After stopping on almost every floor, the elevator shuddered and opened on the fourteenth floor. The carpet in the office hallway was a muddy brown color, with dark stains, about whose origin I didn’t want to hazard a guess, and the walls, which were probably once white, a long time ago, had settled into a grimy yellow sheen. Wallace’s office was located at the far end of the hallway. I had not called Wallace to inform him of my imminent arrival. I didn’t want to give him a chance to avoid me. Instead, I hoped that Wallace’s well-known aversion to early morning conferences—as this was the best time for him to write his briefs—still held true.
We stopped at a heavy wooden door, with WALLACE BARKER, ESQ. painted in large black letters in the center. Dahlia opened the door and walked inside ahead of me. She had visited Wallace’s new digs several times, and she was familiar with the lay of the land. I followed her, feeling ill at ease, as I always felt when I was going into a situation with which I was not entirely familiar.
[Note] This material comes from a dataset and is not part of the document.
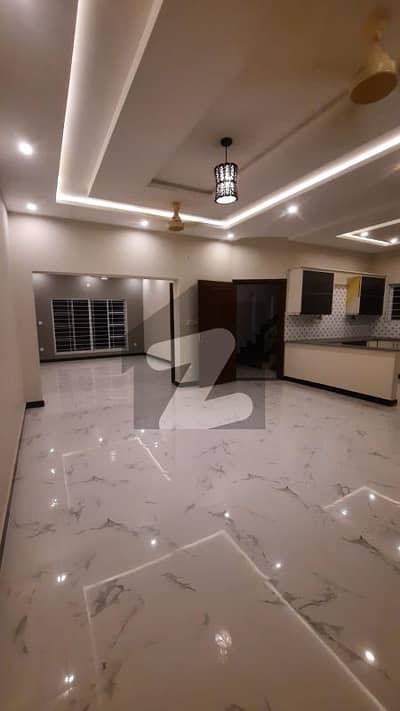 HOUSE AVAILABLE FOR SALE IN BANIGALA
There was a young woman, who didn’t look older than sixteen, sitting at a receptionist’s desk. There were three doors to her immediate right. One door carried the nameplate W. BARKER, ESQ., and the other two doors had no nameplates to distinguish them. All three of the doors were closed. The room in which the receptionist sat was small and seemed more cramped because of all of the furniture that had been placed there. In addition to the receptionist’s desk, there was a large grey leather couch, a grey and white leather love seat, and several chairs. There were also stacks of magazines falling out of magazine racks and four very large rubber plants placed around the room.
“Hey, Esperanza, is he in yet?” Dahlia walked over to the desk where the very young-looking Esperanza sat.
Esperanza peered at both of us over the rim of her glasses as if we were the last two people she wanted to see this particular morning. It was too early to be quite so harried and outdone, but then again, I did not work with Wallace, and as my mother always said, “Don’t criticize somebody until you’ve walked in their shoes and on their road.”
Esperanza sighed and nodded her head. “He’s in.”
Esperanza was obviously not the vocal type.
“We’d like to see Mr. Barker,” I said, getting annoyed the longer I sat there watching Esperanza watching us.
“Do you have an appointment?” asked Esperanza.
“Well, no, we don’t,” said Dahlia, using her “let’s be reasonable” voice. “But we’re friends of Wallace’s, and we’d like to see him.”
“I know who you are,” said Esperanza, with a cocked eyebrow, “but I don’t know who she is.”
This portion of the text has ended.